This is the mail archive of the
systemtap@sourceware.org
mailing list for the systemtap project.
RE: sort a foreach on a stat value?
- From: "Stone, Joshua I" <joshua dot i dot stone at intel dot com>
- To: <fche at redhat dot com>
- Cc: <systemtap at sources dot redhat dot com>
- Date: Fri, 13 Jan 2006 00:14:33 -0800
- Subject: RE: sort a foreach on a stat value?
fche@redhat.com wrote:
>> Do we have a syntax to sort a foreach based on a stat value? [...]
>
> Not at this time.
One thing I've noticed is that our foreach syntax has different
semantics than other languages, and this might be hampering us a bit.

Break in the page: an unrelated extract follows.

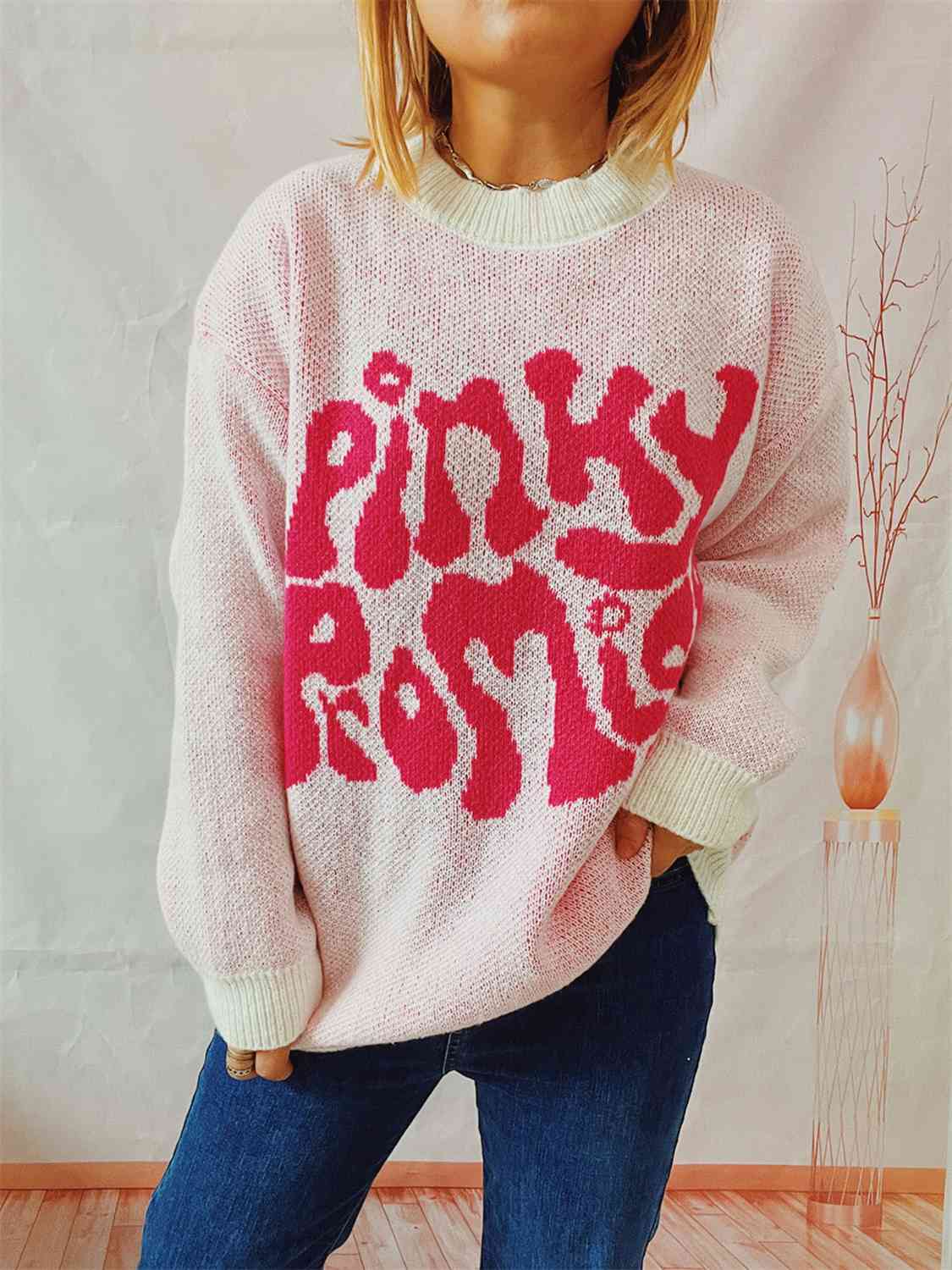 PINKY PROMISE Graphic Sweater  Shop One Place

In at least perl and bash, the only iterator variable is the value, but
our iterator variables are keys. This prevents us from doing something
like:
foreach (cnt- in @count(stat)) {...}
But there is value in knowing the keys as well. Perhaps what we need is
to allow specifying a value iterator as well, so we can have:
foreach ([key1, key2, value+] in mymap) {...}
... which also prevents the cost of re-indexing the map. And perhaps
with stats, it could be something like:
foreach ([tid, c=@count-, a=@avg++, h=@hist_log] in mystats)
{...}
For more semantic clarity, perhaps a semicolon would divide the key
iterators from the value/stat iterators. And of course, sorting by a
histogram should not be allowed.
Just some ideas, comments encouraged...
> Since the reporting phase does not need to be as "scalable" (fast) as
> the accumulation phase, perhaps one could do this thusly today:
>
> global stat, stat_counts
> probe my.event { stat[tid()]<<<1 }
> probe end {
> foreach (tid in stat) // sort by value -> ???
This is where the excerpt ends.